#!/usr/bin/env bash

#
# For help and usage information, simply execute the script w/o any arguments.
#
# This script is intended to be run by podman developers who need to debug
# problems specifically related to Cirrus-CI automated testing.  However,
# because it's only loosely coupled to the `.cirrus.yml` configuration, it must
# orchestrate VMs in GCP directly.  This means users need to have
# pre-authorization (access) to manipulate google-cloud resources.  Additionally,
# there are no guarantees it will remain in-sync with other automation-related
# scripts.  Therefore it may not always function for everybody in every
# future scenario without updates/modifications/tweaks.
#
# When successful, you will end up connected to a GCP VM with with a clone of
# the upstream podman repository 'master' branch, using a remote named 'origin'.
# If you want to customize this behavior, you will want to use a "hook" script.
# Please use this example carefully, since git setups vary by person, you
# will probably need to make local edits.
#
# https://gist.github.com/cevich/626a0790c0b476d5cd2a5a76fbdae0a1

set -e

RED="\e[1;31m"
YEL="\e[1;32m"
NOR="\e[0m"
USAGE_WARNING="
${YEL}WARNING: This will not work without podman,${NOR}
         ${YEL}and prior authorization to use the libpod GCP project.${NOR}
"
# These values come from .cirrus.yml gce_instance clause
ZONE="${ZONE:-us-central1-a}"
CPUS="2"
MEMORY="4Gb"
DISK="200"
PROJECT="libpod-218412"
GOSRC="/var/tmp/go/src/github.com/containers/podman"
GIT_REPO="https://github.com/containers/podman.git"

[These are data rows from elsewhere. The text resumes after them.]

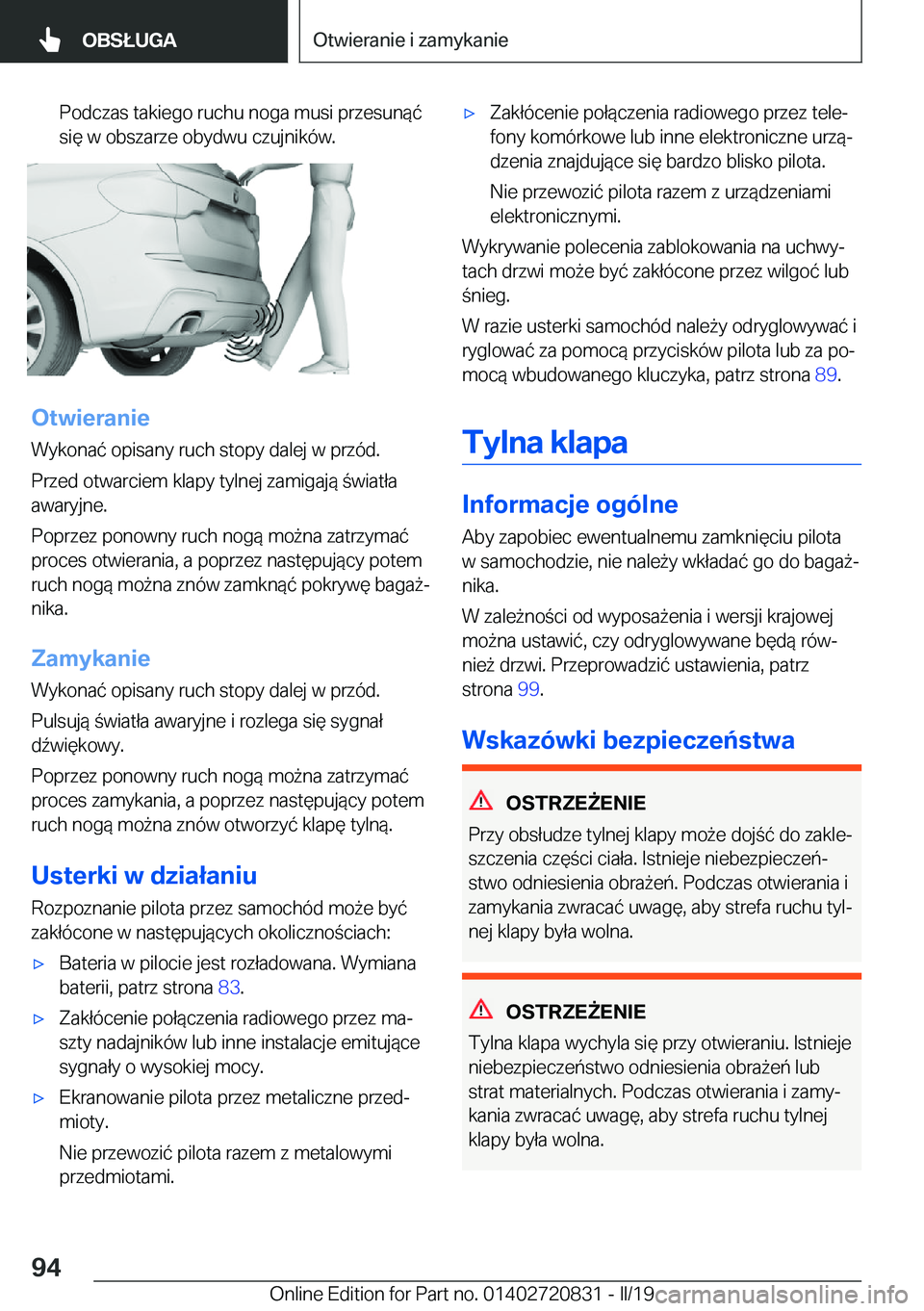 BMW X4 2019  Instrukcja obsługi (in Polish) �P�o�d�c�z�a�s��t�a�k�i�e�g�o��r�u�c�h�u��n�o�g�a��m�u�s�i��p�r�z�e�s�u�n�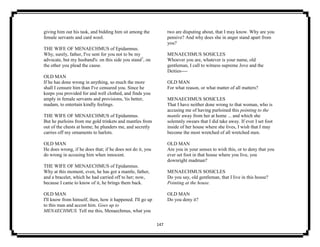 147
giving him out his task, and bidding him sit among the
female servants and card wool.
THE WIFE OF MENAECHMUS of Epidamnus.
Why, surely, father, I've sent for you not to be my
advocate, but my husband's: on this side you stand7
, on
the other you plead the cause.
OLD MAN
If he has done wrong in anything, so much the more
shall I censure him than I've censured you. Since he
keeps you provided for and well clothed, and finds you
amply in female servants and provisions, 'tis better,
madam, to entertain kindly feelings.
THE WIFE OF MENAECHMUS of Epidamnus.
But he purloins from me gold trinkets and mantles from
out of the chests at home; he plunders me, and secretly
carries off my ornaments to harlots.
OLD MAN
He does wrong, if he does that; if he does not do it, you
do wrong in accusing him when innocent.
THE WIFE OF MENAECHMUS of Epidamnus.
Why at this moment, even, he has got a mantle, father,
and a bracelet, which he had carried off to her; now,
because I came to know of it, he brings them back.
OLD MAN
I'll know from himself, then, how it happened. I'll go up
to this man and accost him. Goes up to
MENAECHMUS. Tell me this, Menaechmus, what you
two are disputing about, that I may know. Why are you
pensive? And why does she in anger stand apart from
you?
MENAECHMUS SOSICLES
Whoever you are, whatever is your name, old
gentleman, I call to witness supreme Jove and the
Deities----
OLD MAN
For what reason, or what matter of all matters?
MENAECHMUS SOSICLES
That I have neither done wrong to that woman, who is
accusing me of having purloined this pointing to the
mantle away from her at home ... and which she
solemnly swears that I did take away. If ever I set foot
inside of her house where she lives, I wish that I may
become the most wretched of all wretched men.
OLD MAN
Are you in your senses to wish this, or to deny that you
ever set foot in that house where you live, you
downright madman?
MENAECHMUS SOSICLES
Do you say, old gentleman, that I live in this house?
Pointing at the house.
OLD MAN
Do you deny it?
 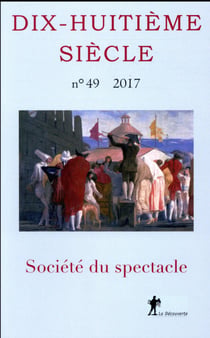 Dix-huitième siècle n.49 : société du spectacle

# Container image with necessary runtime elements
GCLOUD_IMAGE="${GCLOUD_IMAGE:-docker.io/google/cloud-sdk:alpine}"
GCLOUD_CFGDIR=".config/gcloud"

SCRIPT_FILENAME=$(basename ${BASH_SOURCE[0]})
HOOK_FILENAME="hook_${SCRIPT_FILENAME}"

# Shared tmp directory between container and us
TMPDIR=$(mktemp -d --tmpdir ${SCRIPT_FILENAME}_tmpdir_XXXXXX)

show_usage() {
    echo -e "\n${RED}ERROR: $1${NOR}"
    echo -e "${YEL}Usage: $SCRIPT_FILENAME <image_name>${NOR}"
    echo ""
    if [[ -r ".cirrus.yml" ]]
    then
        echo -e "${YEL}Some possible image_name values (from .cirrus.yml):${NOR}"
        image_hints
        echo ""
        echo -e "${YEL}Optional:${NOR} If a $HOME/$GCLOUD_CFGDIR/$HOOK_FILENAME executable exists during"
        echo "VM creation, it will be executed remotely after cloning"
        echo "$GIT_REPO. The"
        echo "current local working branch name and commit ID, will be provided as"
        echo "it's arguments."
    fi
    exit 1
}

LIBPODROOT=$(realpath "$(dirname ${BASH_SOURCE[0]})/../")
# else: Assume $PWD is the root of the libpod repository
[[ "$LIBPODROOT" != "/" ]] || \
    show_usage "Must execute script from within clone of containers/podman repo."

[[ "$UID" -ne 0 ]] || \
    show_usage "Must execute script as a regular (non-root) user."

[[ "${LIBPODROOT#$HOME}" != "$LIBPODROOT" ]] || \
    show_usage "Clone of containers/podman must be a subdirectory of \$HOME ($HOME)"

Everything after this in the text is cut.